> [Entries provided]:
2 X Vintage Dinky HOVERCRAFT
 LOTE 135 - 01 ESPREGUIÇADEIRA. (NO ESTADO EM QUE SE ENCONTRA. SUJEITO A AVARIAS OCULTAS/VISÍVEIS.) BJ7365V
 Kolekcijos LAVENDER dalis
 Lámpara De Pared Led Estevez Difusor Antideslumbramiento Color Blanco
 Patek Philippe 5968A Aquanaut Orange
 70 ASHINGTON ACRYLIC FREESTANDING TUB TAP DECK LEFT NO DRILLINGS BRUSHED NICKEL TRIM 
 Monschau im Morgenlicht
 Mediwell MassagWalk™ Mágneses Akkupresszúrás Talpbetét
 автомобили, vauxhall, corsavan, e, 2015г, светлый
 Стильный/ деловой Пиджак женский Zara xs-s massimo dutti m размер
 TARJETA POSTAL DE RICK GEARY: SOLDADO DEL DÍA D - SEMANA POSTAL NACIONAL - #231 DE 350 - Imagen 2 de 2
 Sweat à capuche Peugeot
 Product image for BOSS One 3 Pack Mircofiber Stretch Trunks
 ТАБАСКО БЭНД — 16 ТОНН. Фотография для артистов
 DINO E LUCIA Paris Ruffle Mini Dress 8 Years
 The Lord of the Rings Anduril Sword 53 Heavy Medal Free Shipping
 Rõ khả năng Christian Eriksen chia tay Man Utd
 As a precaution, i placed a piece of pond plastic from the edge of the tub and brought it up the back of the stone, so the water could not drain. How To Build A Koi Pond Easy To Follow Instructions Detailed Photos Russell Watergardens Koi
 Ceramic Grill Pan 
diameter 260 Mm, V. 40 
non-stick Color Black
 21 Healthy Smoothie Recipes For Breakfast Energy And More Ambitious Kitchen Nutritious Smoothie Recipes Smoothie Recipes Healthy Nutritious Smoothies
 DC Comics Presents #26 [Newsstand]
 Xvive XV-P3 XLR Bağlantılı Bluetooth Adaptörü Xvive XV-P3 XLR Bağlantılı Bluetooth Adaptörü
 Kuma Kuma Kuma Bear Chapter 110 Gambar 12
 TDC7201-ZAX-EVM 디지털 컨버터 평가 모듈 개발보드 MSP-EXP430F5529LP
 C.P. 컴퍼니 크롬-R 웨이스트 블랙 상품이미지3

> [Action item]:
Report how many lines of the entries include the word "Color", and let the number stand alone.

> [Response]:
2